Member of the Chamber of Deputies
- In office 25 May 1972 – 14 March 2013

Personal details
- Born: 24 June 1929 (age 96) La Spezia, Italy
- Party: PRI (1972–1994) SR (1994–1998) DS (1998–2006) MRE (2006–2007) PD (2007–present)
- Profession: Politician, surgeon

= Giorgio Bogi =

Italian surgeon and politician

Giorgio (Bíró) Bogi (born 24 June 1929 in La Spezia), is an Italian surgeon and politician.

==Biography==
He graduated in medicine and surgery, and worked as a doctor until the 1970s. He was latterly the head physician of a hospital in La Spezia.

He was a member of the Italian Republican Party, and in 1972 was elected as an MP for the first time. He was then re-elected continuously until the XIV Legislature in 2001.

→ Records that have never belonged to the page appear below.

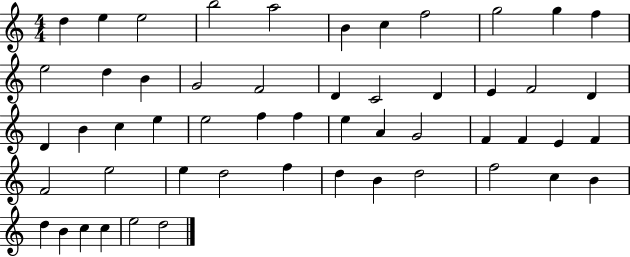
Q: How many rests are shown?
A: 0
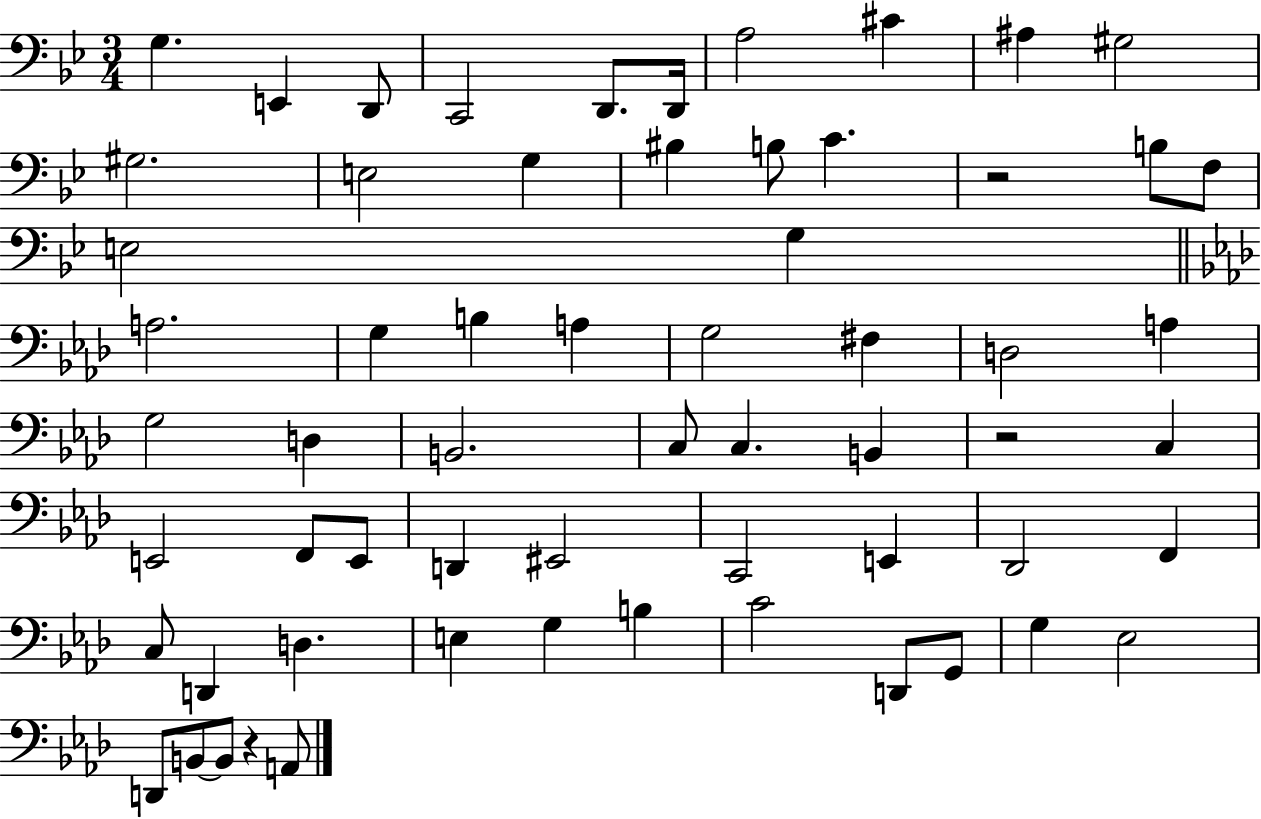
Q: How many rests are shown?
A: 3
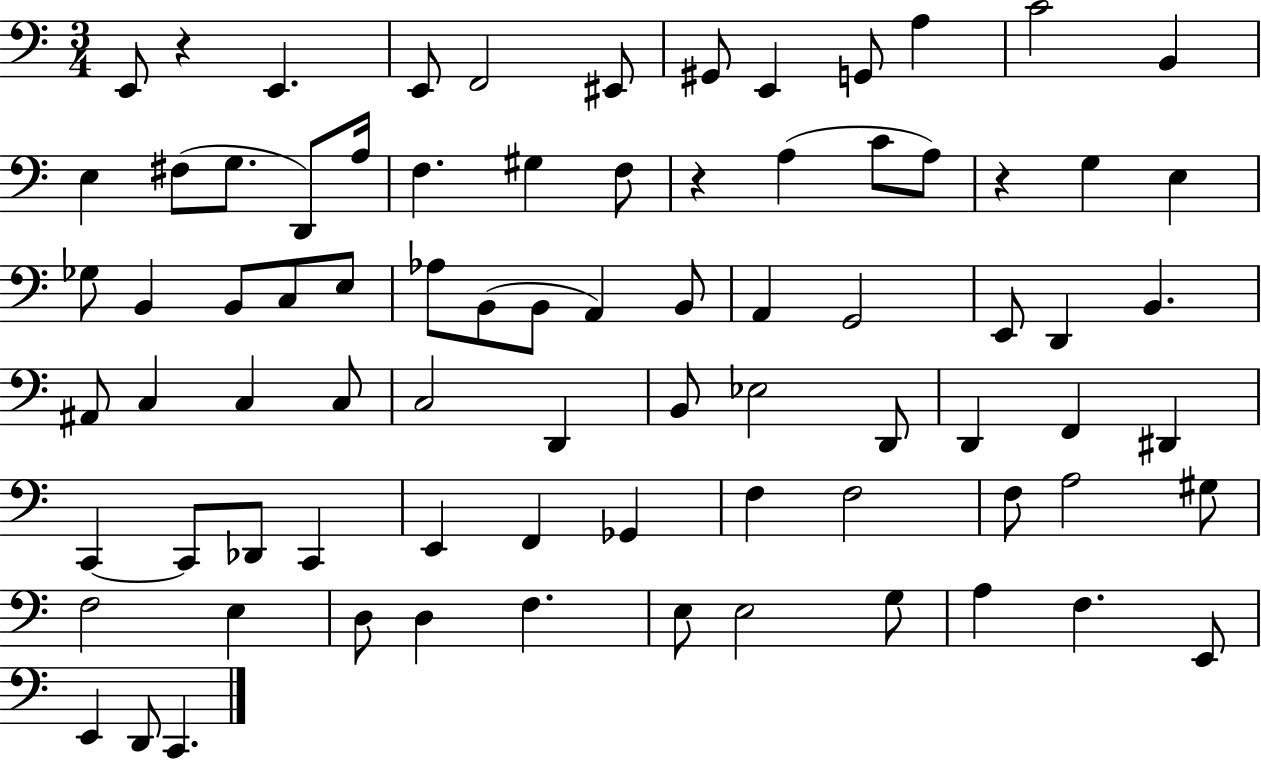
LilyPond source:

{
  \clef bass
  \numericTimeSignature
  \time 3/4
  \key c \major
  \repeat volta 2 { e,8 r4 e,4. | e,8 f,2 eis,8 | gis,8 e,4 g,8 a4 | c'2 b,4 | \break e4 fis8( g8. d,8) a16 | f4. gis4 f8 | r4 a4( c'8 a8) | r4 g4 e4 | \break ges8 b,4 b,8 c8 e8 | aes8 b,8( b,8 a,4) b,8 | a,4 g,2 | e,8 d,4 b,4. | \break ais,8 c4 c4 c8 | c2 d,4 | b,8 ees2 d,8 | d,4 f,4 dis,4 | \break c,4~~ c,8 des,8 c,4 | e,4 f,4 ges,4 | f4 f2 | f8 a2 gis8 | \break f2 e4 | d8 d4 f4. | e8 e2 g8 | a4 f4. e,8 | \break e,4 d,8 c,4. | } \bar "|."
}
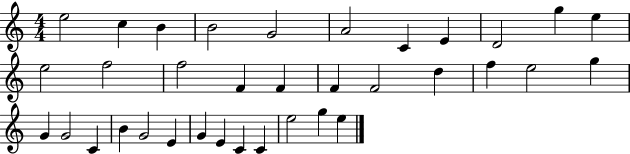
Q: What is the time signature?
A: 4/4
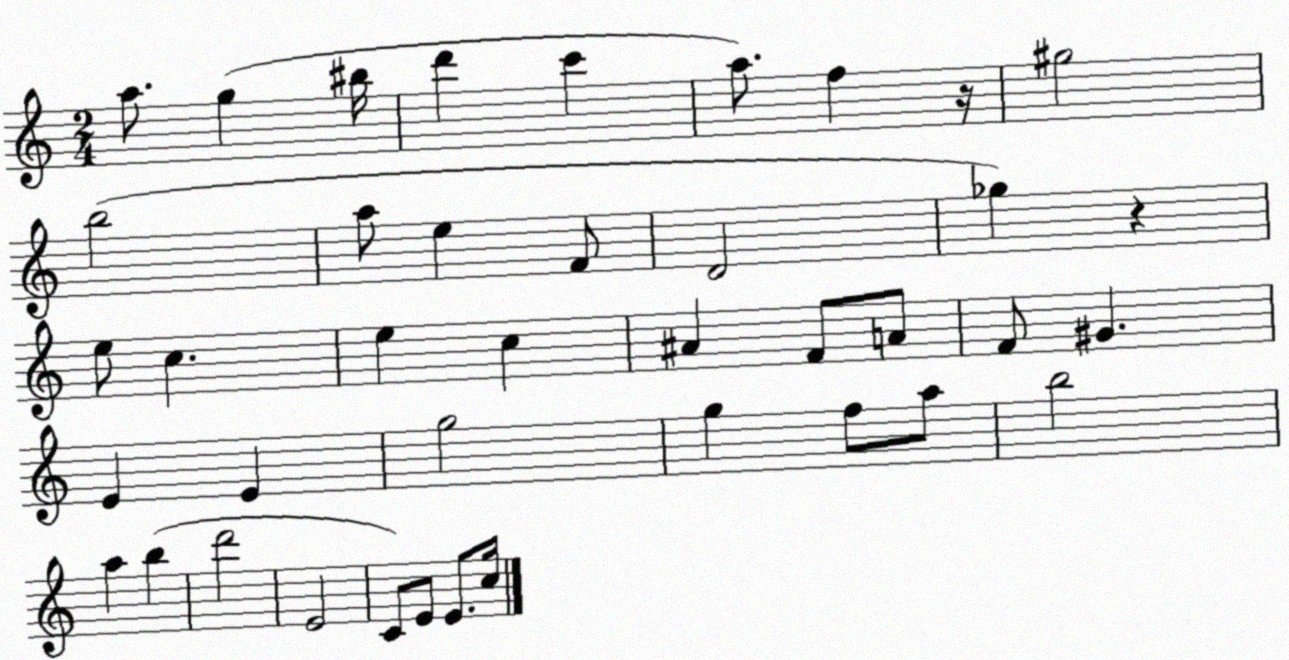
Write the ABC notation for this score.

X:1
T:Untitled
M:2/4
L:1/4
K:C
a/2 g ^b/4 d' c' a/2 f z/4 ^g2 b2 a/2 e F/2 D2 _g z e/2 c e c ^A F/2 A/2 F/2 ^G E E g2 g f/2 a/2 b2 a b d'2 E2 C/2 E/2 E/2 c/4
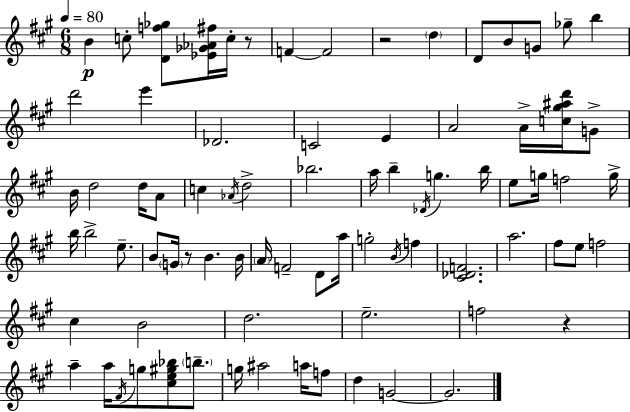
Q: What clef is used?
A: treble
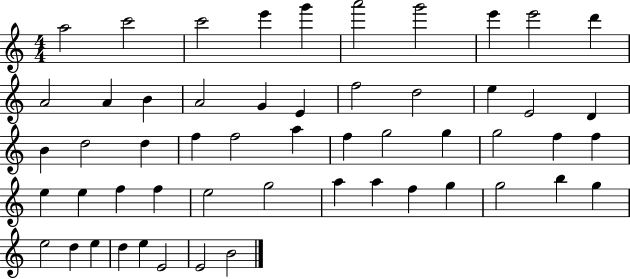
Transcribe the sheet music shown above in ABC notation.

X:1
T:Untitled
M:4/4
L:1/4
K:C
a2 c'2 c'2 e' g' a'2 g'2 e' e'2 d' A2 A B A2 G E f2 d2 e E2 D B d2 d f f2 a f g2 g g2 f f e e f f e2 g2 a a f g g2 b g e2 d e d e E2 E2 B2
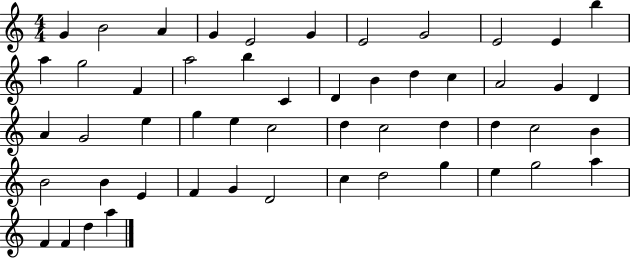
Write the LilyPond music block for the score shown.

{
  \clef treble
  \numericTimeSignature
  \time 4/4
  \key c \major
  g'4 b'2 a'4 | g'4 e'2 g'4 | e'2 g'2 | e'2 e'4 b''4 | \break a''4 g''2 f'4 | a''2 b''4 c'4 | d'4 b'4 d''4 c''4 | a'2 g'4 d'4 | \break a'4 g'2 e''4 | g''4 e''4 c''2 | d''4 c''2 d''4 | d''4 c''2 b'4 | \break b'2 b'4 e'4 | f'4 g'4 d'2 | c''4 d''2 g''4 | e''4 g''2 a''4 | \break f'4 f'4 d''4 a''4 | \bar "|."
}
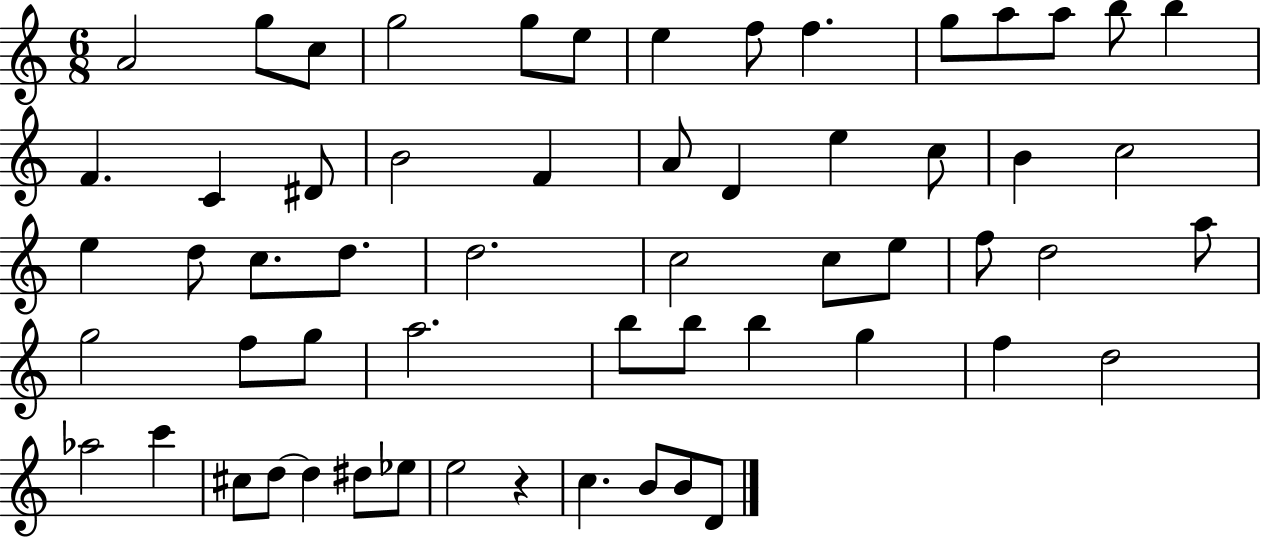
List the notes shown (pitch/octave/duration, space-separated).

He served as Undersecretary to the Minister of Post and Telecommunications in the governments led by Cossiga, Forlani and Spadolini, from 4 April 1980 to 1 December 1982. He held the same office from 4 August 1983 to 17 April 1987 in the two governments led by Bettino Craxi.

In 1994 he left the PRI and founded, together with Giuseppe Ayala and Libero Gualtieri, a new political party, the Republican Left, which was affiliated with the Democratic Alliance.

From 14 March 1997 to 21 October 1998, Bogi served as the Minister for Parliamentary Relations in the Prodi I Cabinet.
In 1998 he joined the Democrats of the Left, later moving on to become a member of the European Republicans Movement (in 2006) and of the Democratic Party (in 2007).